Support for Variable Length Integer used in the blockchain and more generally the binary encoding of a transaction or its components.
Elliptic Curve Signature. Even though postgres integrates with OpenSSL, which has that functionality, there is no way to call the EC functions.
Ability to parse and evaluate Bitcoin script. This is a biggie, as transaction verification requires it, and it is one of the more complex and bug-prone aspects of Bitcoin.

It is also important that all of the above be performant. Even though varints, script and even elliptic curve could be implemented in plain PL/pgSQL, it probably wouldn’t be fast enough for practical use. Which leaves us with the only possible option: a C extension.

Avoid Reinventing the Wheel

Anything is possible in C, but can we avoid having to reimplement it from scratch? Are there libraries that could be leveraged?

As it is now, the Bitcoin protocol is primarily specified by its source code, and the source of all truth is the Bitcoin Core. It is possible to use C++ in PG extensions, which means at least in theory the Bitcoin Core code could be leveraged somehow.

My initial conclusion is that this would be a daunting task. Bitcoin Core code requires at least C++11, as well as Boost. It also seems that the core code assumes its own specific storage and caching mechanism and isn’t easily abstracted away from it. Not to mention that using C++ libs from Postgres has complexities of its own.

I looked around for a plain C implementation of Bitcoin and found a few rather incomplete ones. The most functional one seems to be Jeff Garzik’s picocoin. With the looming Segwit2x fork and all the controversy surrounding it this may seem like an odd choice of a library, but for the purpose of what we are doing, I think it’s fine. It also seems like Picocoin isn’t actively developed, which is not great. I would very much appreciate opinions/advice on this, if you know of a better C lib, do leave a comment.

The C extension

Thanks to this excellent series of posts and Postgres’ superb documentation, I was able to put together a proof-of-concept extension, available at https://github.com/blkchain/pg_blkchain. While the C internals of it would be subject for a whole separate post (or few), suffice it to say that it is fairly rudimentary and all the heavy lifting is delegated to the picocoin lib.

As of now, the extension provides a handful of functions:

get_vin(tx bytea) This is a Set Returning Function (SRF), which returns the transaction inputs as rows.
get_vout(tx bytea) Similarly to get_vin(), an SRF that returns outputs.
parse_script(script bytea) An SRF which parses a Bitcoin script and returns (more or less) human-readable rows.
verify_sig(tx bytea, previous_tx bytea, n int) Verifies a specific input of a transaction (denoted by n), given a the previous transaction to which the input refers. Returns a boolean.

This is hardly enough to support all of what would be required by a full node, but this is sufficient to do some interesting stuff.

Note that the function names and signatures are not final, this is a work in progress and I expect this all to evolve and change. For example, initially I implemented get_vout() which returned an array, but in the end an SRF seemed like a more flexible approach.

The Schema

In the last post I used separate tables for the transaction, inputs and outputs. With the ability to serialize/deserialize transactions at our disposal, there are more interesting options.
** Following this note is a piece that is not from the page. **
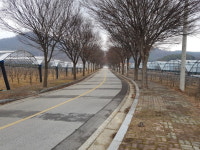 보은 삼년산성 진입로 가로수 제거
The most compact way to store transactions is to just use the serialized binary form in a binary (bytea) column. We can get at any particulars of it by using our functions.

The examples below are based on a single table created as

CREATE TABLE rtxs (
   id            BIGINT NOT NULL,
   tx            BYTEA NOT NULL
);

I imported the first 100K blocks or so into this table, how it was done I might describe in a separate post.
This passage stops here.